Indietreggio, andando a sbattere contro Scott, che mi afferra per la vita.
«Andiamo di sopra.» Non me lo faccio ripetere due volte. Portare le mie gambe verso le scale è un sollievo immenso.

Il cuore mi batte forte contro la gabbia toracica, ad ogni respiro.
Dopodiché è tutto molto rapido. Entriamo nella mia stanza e sento Scott chiudere la porta, e a quanto pare quel suono è come uno spartiacque: scoppio in un pianto disperato.

Non mi do neanche il tempo di pensare, di rifletterci. Le lacrime e i singhiozzi mi scombussolano dalla testa ai piedi, facendomi tremare.

Le sue braccia calde sono subito attorno a me, ad attutire la mia voce e il mio dolore. Mi avvolgono, mi proteggono. Dal passato, da mio padre, da quel giorno di gennaio in cui i nostri rapporti sono andati in frantumi, a causa di bugie durate anni.
Mi sembra di vedere ancora quei fogli. I nomi, i prestiti, le strategie. Ma che dico. Mi sembra di sentirli tra le mani.

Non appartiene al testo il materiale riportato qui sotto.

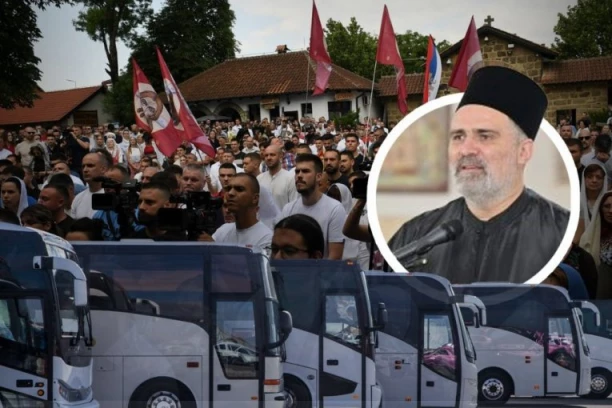 DRAMA NA VIDOVDAN – POHAPŠENI VERNICI NA GAZIMESTANU: Otac Predrag otkriva šta se zaista dogodilo na proslavi zavetnog praznika u Gračanici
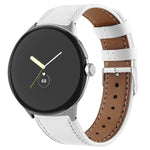 Round Tail Genuine Leather Watch Band, For Google Pixel Watch 4 / 3 / 2 / 1 41mm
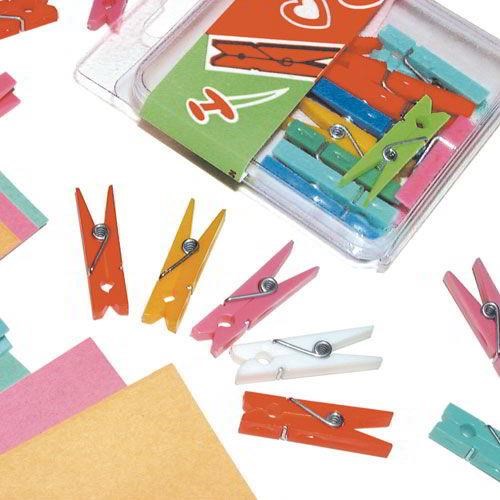 Mollettine in plastica colorata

«Non ce la faccio», mormoro. «Non ce la faccio proprio.»
Scott mi stringe più forte, e camminando mi conduce verso il letto. Mi lascia per un momento, si sdraia tra i miei cuscini, e io gli sono subito addosso. Le sue braccia già aperte mi accolgono mentre mi sistemo sul suo petto e intreccio le nostre gambe.
Desiderosa di più calore umano, mi faccio spazio nel suo collo praticamente bollente.
Inspiro profondamente e mi asciugo le lacrime che continuano a scorrermi sul viso e a bagnargli la pelle.

Tiro su col naso un paio di volte. Lui mi accarezza lentamente la schiena, e quando i suoi muscoli, il suo profumo e il suo affetto mi travolgono arrivandomi fino alle ossa... il mio cuore comincia a calmarsi. Le mie lacrime smettono di scendere. E ci siamo solo io e lui.

«Vuoi che rimanga qui stanotte? So che avevamo detto che era meglio fare solo una cena, ma-»
Sposto il mio corpo, facendolo aderire completamente al suo, e torno nell'incavo del suo collo. Adesso sono sdraiata su di lui.

Non diciamo altro, e restiamo in questa posizione finché non mi calmo del tutto. O forse un po' di più. Non avevo proprio voglia di staccarmi.

«Harper?» Sento bussare alla mia porta. È mia madre. «Posso entrare?»
«No», rispondo senza pensarci. Scott mi solleva il mento. Mi accarezza una guancia mentre mi penetra con lo sguardo. Non mi sta dicendo niente, ma so che mi sta comunicando di fare la brava almeno con lei. Sospiro.

«È... è pronta la cena. Volevo solo dirti questo.»
Osservo la linea delle labbra più belle del mondo e la seguo con un dito. «Okay mamma.»
Un sorriso si espande sul viso di Scott mentre i passi di mia madre risuonano nel corridoio.

Punto il mento sul suo petto e continuo a guardarlo. La barba sta ricominciando a crescergli, e conoscendolo, se la raderà a breve. Si piace di più senza. Per me è sempre perfetto.